Returning to FIG. 1, the arm 21 can be folded and extended by a plurality of driving means, each of which includes a hydraulic cylinder 25 disposed at the joint portion. The arm member 21a, which is the nearest of the arm members to the driving body 12, is connected pivotably via a hinge pin 12e to a bracket 12d disposed on the revolving stage 12b. The other arm members 21b, 21c, 21d, and 21e are jointed to one another via hinge pins 21f disposed at the joint portions among the arm members 21a, 21b, 21c, 21d, or 21e.

At the joint portions, hinge members 21g, 21h, 21i, and 21j of triangular shape, are also installed respectively. An apex of each of the hinge members 21g, 21h, 21i, and 21j is connected to a rearward corresponding arm member 21a, 21b, 21c, 21d by a hinge pin 21k. Another apex of each of the hinge members 21g, 21h, 21i, and 21j is connected to the forward corresponding arm member 21b, 21c, 21d, or 21e, via a connecting link 21l. The remaining apex of each of the hinge members 21g, 21h, 21i, and 21j is connected to the rod 25a of the corresponding cylinders 25 via a hinge pin 25b. The bodies of the cylinders 25 are connected respectively to brackets 21m which are disposed respectively on the arm members 21a, 21b, 21c, and 21d via hinge pins 25c.

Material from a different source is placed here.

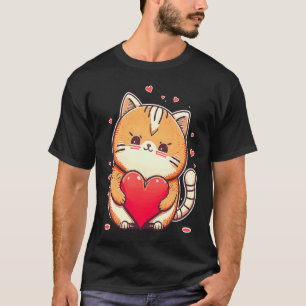 Camiseta Dia dos Namorados Gato Fofinho Gato Segurando um C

The winding cable 22 is routed through all arm members 21a, 21b, 21c, 21d, 21e, and 21e, in such a manner that the cable 22 is supported between pairs of pulleys 27, each pair being disposed near the joint portion of the corresponding arm member, so that movement of the cable 22 is not obstructed by the arm 21 even if the arm 21 is folded. An end of the winding cable 22 is wound around a winch 26 mounted on the revolving stage 26. A control unit S for controlling the power unit of the revolving stage 12b is installed on the arm member 21e remotest from the driving body 12, so that the hanging means 13 can be controlled by an operator near the forward end of the arm 21.

As best shown in FIG. 2, the clutching mechanism 23 for clutching steel bars and the like comprises a hook portion 23a hanging from the winding cable 22, a connector portion 23b hanging as one with the hook portion 23a and held in spline-engagement with the supporting mechanism 24, and a clutching portion 23c detachably affixed to the connector portion 23b. The clutching portion 23c can be chosen and replaced to suit the object being hung. In FIG. 1, the clutching portion 23c consists of a pair of vise like jaws. The jaws can be opened and closed by an actuator driven by an electric-generator or batteries mounted in the clutching mechanism 23.

While spline-grooves 23d are formed on a conical upper portion of an outer peripheral surface of the connector portion 23b along the generating lines of the conical shape, annular grooves 23e are circumferentially formed on a cylindrical lower portion of the outer peripheral surface of the connector portion 23b, so that the clutching mechanism 23 can be engaged with the supporting mechanism 24 in a non-rotatable manner.

The supporting mechanism 24 for supporting the clutching mechanism 23 comprises a supporting cylinder 24a unitedly attached to the arm member 21e, and a substantially cylindrical grip frame 24b pivotably connected at its ball portion 24d to the supporting cylinder 24a.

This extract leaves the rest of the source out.